INFORMATION GIVEN below:
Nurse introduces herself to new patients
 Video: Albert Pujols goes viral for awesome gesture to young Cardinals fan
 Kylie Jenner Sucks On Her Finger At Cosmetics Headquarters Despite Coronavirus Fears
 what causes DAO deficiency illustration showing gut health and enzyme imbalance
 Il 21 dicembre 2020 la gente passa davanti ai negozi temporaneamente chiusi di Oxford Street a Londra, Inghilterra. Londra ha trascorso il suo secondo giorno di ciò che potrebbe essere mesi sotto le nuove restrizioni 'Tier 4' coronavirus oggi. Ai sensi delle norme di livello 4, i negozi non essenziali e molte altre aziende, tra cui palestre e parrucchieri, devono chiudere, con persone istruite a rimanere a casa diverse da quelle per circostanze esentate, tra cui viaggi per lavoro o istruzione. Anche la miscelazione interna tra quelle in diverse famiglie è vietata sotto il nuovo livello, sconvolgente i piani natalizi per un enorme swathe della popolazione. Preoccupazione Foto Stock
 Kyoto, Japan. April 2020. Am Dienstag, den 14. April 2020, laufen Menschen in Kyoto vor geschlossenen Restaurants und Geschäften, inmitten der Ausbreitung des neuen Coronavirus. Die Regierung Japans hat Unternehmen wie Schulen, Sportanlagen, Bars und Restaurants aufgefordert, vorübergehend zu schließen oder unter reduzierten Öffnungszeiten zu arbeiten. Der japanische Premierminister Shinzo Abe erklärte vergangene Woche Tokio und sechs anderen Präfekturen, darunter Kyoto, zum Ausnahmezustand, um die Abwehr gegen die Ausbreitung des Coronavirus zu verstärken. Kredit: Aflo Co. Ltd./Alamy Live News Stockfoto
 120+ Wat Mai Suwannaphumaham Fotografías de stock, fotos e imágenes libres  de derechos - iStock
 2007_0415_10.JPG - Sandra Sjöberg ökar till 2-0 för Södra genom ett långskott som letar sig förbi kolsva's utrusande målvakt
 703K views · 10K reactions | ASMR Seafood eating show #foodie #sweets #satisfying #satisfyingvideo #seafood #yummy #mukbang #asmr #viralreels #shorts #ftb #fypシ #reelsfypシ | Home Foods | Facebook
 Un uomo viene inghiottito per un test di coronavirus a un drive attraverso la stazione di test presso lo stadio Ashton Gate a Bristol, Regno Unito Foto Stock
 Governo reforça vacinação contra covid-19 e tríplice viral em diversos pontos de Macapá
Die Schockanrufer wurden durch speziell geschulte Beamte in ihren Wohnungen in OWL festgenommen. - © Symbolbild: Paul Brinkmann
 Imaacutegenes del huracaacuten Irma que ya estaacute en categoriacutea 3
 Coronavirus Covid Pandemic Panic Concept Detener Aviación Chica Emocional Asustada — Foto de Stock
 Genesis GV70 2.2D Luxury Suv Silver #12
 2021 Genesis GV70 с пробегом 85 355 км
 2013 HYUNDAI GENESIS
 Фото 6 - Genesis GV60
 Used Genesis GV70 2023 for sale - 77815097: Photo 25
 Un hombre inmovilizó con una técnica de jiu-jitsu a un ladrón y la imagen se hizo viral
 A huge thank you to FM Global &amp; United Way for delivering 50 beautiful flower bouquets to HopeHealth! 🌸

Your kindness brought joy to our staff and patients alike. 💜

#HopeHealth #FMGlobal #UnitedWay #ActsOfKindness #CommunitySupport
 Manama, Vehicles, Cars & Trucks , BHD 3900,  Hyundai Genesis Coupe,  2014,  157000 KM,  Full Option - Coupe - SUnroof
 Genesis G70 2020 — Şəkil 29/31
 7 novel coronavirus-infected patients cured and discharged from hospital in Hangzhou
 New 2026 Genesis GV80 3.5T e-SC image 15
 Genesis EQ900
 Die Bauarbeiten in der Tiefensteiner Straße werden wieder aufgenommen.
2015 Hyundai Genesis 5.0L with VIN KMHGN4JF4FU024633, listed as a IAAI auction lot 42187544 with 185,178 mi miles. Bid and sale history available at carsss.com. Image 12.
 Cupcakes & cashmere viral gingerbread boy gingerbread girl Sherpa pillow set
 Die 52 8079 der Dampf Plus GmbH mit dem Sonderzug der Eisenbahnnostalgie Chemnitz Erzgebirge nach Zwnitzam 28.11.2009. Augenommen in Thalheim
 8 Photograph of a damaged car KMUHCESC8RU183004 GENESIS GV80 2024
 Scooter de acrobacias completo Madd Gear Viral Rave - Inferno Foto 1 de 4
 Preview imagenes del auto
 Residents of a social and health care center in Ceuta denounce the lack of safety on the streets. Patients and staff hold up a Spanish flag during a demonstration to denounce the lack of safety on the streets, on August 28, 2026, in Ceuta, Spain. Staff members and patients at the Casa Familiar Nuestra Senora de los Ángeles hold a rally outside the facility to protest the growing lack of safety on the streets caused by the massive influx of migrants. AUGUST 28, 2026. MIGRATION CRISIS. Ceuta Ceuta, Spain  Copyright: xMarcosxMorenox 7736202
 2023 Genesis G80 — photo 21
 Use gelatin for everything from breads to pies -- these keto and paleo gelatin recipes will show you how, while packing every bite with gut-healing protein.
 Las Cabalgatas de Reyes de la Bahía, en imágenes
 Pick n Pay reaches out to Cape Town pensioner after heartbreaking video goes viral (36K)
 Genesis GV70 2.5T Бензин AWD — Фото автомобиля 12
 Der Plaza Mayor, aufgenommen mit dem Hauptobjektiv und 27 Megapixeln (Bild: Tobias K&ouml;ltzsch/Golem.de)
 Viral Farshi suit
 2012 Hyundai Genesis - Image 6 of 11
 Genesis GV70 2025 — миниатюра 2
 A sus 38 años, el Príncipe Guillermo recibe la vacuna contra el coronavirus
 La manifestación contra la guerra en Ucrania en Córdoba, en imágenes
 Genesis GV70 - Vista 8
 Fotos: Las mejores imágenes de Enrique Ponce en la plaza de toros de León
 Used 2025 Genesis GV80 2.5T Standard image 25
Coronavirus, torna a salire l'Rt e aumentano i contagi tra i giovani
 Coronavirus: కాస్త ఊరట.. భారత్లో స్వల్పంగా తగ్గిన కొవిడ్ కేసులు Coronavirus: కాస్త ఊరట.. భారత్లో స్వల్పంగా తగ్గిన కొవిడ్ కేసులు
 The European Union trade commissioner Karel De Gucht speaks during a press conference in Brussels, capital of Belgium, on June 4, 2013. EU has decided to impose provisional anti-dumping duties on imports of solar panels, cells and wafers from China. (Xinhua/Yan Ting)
End of INFORMATION GIVEN.
> **EXERCISE DIRECTIONS**
If a line in the records above includes the string "imágenes", copy it.

> **TASK RESPONSE**
 120+ Wat Mai Suwannaphumaham Fotografías de stock, fotos e imágenes libres  de derechos - iStock
 Las Cabalgatas de Reyes de la Bahía, en imágenes
 La manifestación contra la guerra en Ucrania en Córdoba, en imágenes
 Fotos: Las mejores imágenes de Enrique Ponce en la plaza de toros de León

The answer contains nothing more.